Immediately after the feature, there will be a pre-recorded bonus Q&A with director Bao Nguyen!
Only one ticket is required per vehicle.
Per SDAFF tradition, wearing costumes is highly encouraged!
Official Selection, 2020 Sundance Film Festival
Official Selection, 2020 Cannes Film Festival
For decades after his passing, Bruce Lee left behind a legacy that shaped the image of all Asian Americans–for better and for worse–that still reverberates today. But Lee wasn’t just an icon, a master of his craft who exploded overnight. Unlike other tributes that cover familiar ground–glorifying his mastery and his crossover into the American mainstream–Bao Nguyen’s BE WATER fills an important gap, delivering a fascinating and specifically Asian American take on Lee’s importance. For this, BE WATER is easily the most well-rounded and relevant documentary about Bruce Lee today.
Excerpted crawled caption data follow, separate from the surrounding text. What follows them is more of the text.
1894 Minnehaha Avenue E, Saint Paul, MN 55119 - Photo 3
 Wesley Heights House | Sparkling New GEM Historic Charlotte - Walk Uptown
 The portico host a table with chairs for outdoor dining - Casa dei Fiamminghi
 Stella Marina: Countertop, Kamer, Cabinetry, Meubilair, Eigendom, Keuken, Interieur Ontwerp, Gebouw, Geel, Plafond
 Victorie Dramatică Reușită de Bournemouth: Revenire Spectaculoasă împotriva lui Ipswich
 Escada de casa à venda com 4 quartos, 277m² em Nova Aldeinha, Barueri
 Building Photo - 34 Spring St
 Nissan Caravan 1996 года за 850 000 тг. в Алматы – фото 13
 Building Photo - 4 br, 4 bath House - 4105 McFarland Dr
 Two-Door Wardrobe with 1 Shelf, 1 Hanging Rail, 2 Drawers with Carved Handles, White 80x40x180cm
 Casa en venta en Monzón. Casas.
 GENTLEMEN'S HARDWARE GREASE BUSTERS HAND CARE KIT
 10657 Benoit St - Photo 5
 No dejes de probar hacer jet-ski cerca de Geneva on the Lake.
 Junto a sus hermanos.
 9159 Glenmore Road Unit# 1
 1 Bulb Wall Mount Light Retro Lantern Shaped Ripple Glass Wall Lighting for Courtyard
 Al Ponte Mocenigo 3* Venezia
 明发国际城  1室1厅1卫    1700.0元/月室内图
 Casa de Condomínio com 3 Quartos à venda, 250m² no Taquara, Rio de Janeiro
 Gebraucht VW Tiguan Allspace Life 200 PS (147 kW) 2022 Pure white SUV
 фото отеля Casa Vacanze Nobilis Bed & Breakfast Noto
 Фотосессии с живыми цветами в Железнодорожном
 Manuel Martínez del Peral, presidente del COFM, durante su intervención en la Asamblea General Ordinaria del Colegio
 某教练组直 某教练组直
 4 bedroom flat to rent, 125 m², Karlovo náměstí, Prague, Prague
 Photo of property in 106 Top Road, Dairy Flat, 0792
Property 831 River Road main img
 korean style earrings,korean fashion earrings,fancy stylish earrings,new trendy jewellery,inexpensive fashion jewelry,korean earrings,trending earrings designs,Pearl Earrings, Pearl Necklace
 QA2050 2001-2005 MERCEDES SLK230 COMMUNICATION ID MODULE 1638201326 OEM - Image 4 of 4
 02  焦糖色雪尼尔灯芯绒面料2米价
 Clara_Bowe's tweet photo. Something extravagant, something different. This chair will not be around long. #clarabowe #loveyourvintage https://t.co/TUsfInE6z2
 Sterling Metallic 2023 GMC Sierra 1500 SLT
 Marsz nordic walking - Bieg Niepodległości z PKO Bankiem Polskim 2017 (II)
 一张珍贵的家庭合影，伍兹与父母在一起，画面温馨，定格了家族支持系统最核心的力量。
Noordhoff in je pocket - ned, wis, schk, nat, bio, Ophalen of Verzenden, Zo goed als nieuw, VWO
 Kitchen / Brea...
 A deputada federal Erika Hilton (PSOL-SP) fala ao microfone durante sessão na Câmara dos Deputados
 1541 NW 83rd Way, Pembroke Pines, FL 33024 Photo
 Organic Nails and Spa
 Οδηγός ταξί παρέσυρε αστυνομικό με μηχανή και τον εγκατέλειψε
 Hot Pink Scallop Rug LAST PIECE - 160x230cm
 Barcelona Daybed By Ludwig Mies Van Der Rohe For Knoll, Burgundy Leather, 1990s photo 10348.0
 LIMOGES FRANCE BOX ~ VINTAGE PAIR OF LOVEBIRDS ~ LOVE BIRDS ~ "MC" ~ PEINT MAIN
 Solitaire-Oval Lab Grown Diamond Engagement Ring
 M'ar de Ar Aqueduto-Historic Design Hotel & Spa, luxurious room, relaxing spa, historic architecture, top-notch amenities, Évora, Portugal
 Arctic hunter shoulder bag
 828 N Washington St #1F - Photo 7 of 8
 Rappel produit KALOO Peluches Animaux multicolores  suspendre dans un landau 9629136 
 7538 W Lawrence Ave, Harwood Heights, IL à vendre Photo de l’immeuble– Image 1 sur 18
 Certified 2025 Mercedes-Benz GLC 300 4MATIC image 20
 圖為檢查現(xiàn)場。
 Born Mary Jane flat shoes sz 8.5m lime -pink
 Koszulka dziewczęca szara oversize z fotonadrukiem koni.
With new interviews and archival footage, Nguyen (Julian, SDAFF ‘12) is less focused on the martial arts and more on Lee’s offscreen battles. Bullying as a child. Learning to survive as a newly-arrived teenager in Seattle. Angling for Hollywood roles, failing, and eventually creating his own cinematic platform in Hong Kong. This is the biographical why behind Lee’s famous philosophies such as “Be water.” And the how behind Lee’s guru-like impact on folks from regular joe’s to movie stars.
Nguyen anchors these stories within a social and historical context that depicts an America that found it hard to embrace Bruce Lee, as well as the Asian Americans who came before him to build the American West. This is Bruce outside the action, sans yellow jumpsuit, as told by his wife, his daughter, his peers, and even an NBA legend. Nguyen goes further than Bruce Lee, the actor and the fighter, and delivers Bruce Lee, the man, for the culture.